Senin, 21 November 2016

Reformasi Pengadaan Barang/Jasa melalui Pembenahan Unit Layanan Pengadaan di Daerah



Semakin hari isu pengadaan semakin kompleks. ULP tidak hanya menghadapi  isu yang berkaitan dengan pemilihan penyedia saja. Lebih jauh dari itu ULP menghadapi permasalahan yang melampaui kewenangannya khususnya yang selama ini hanya terbatas dalam melaksanakan pemilihan penyedia saja. Misalnya, ULP menghadapi permasalahan hukum atau bentuk persengketaan lainnya. ULP juga menghadapi permasalahan ketidakmatangan proses perencanaan yang berdampak pada rendahnya kualitas penyedia yang terpilih. Permasalahan lainnnya misal tingginya intervensi, rendahnya kapasitas PA/KPA/PPK dan penyedia, jabatan fungsional dan lain-lain. Permasalahan-permasalahan tersebut terjadi berulang pada setiap tahunnya. 

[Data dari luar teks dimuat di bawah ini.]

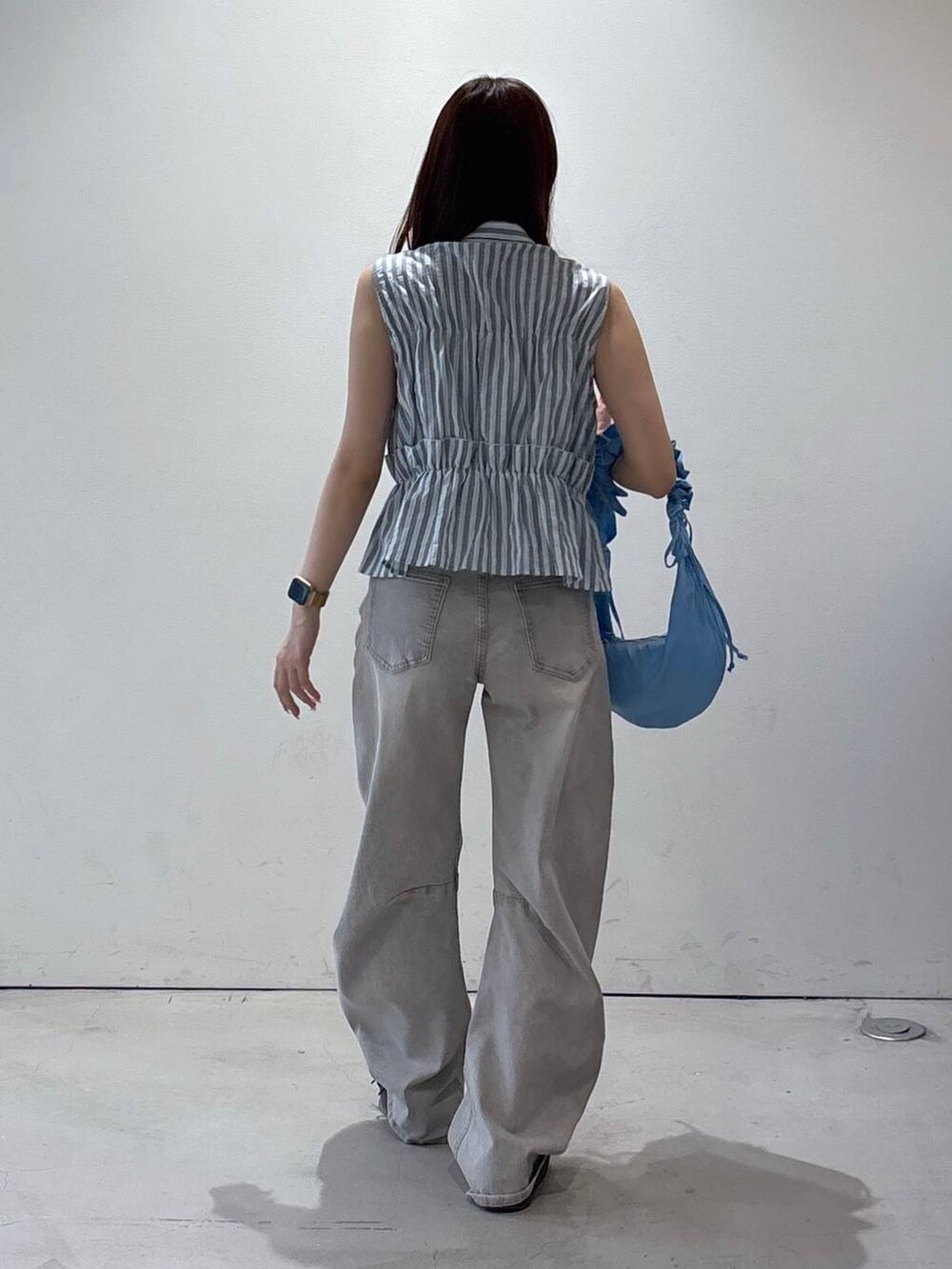 ブルー系のショルダーバッグ、グレー系のデニムパンツ、その他のシャツ/ブラウスを着用したレディースの夏コーディネートの4枚目の写真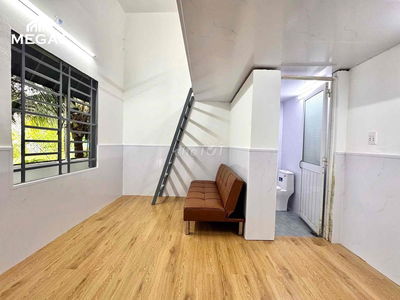 Phòng Cao Cấp - Full Nội Thất - Gác Cao - Ngay Tu Viện Khánh An - QL1A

Permasalahan yang terjadi secara berulang pada setiap tahun tersebut terjadi di setiap K/L/D/I. kondisi ini dapat dimengerti karena saat ini, setiap pihak yang terlibat pada setiap proses pengadaan bekerja secara sendiri-sendiri tanpa ada pihak yang mengkoordinasikan dan menjamin setiap pihak yang terlibat memiliki kapasitas/kapabilitas dalam melaksanakan tugas/fungsinya. Sehingga perencanaan anggaran seringkali tidak relevan dan tidak sesuai dengan peraturan perundang-undangan dan kebutuhan perencanaan pengadaan.  Begitu juga rencana pengadaan yang dilakukan kerap tidak sesuai dengan kebutuhan pelaksanaan pemilihan penyedia, sehingga berdampak pada kualitas penyedia yang tidak mampu menyediakan barang/jasa sesuai harapan.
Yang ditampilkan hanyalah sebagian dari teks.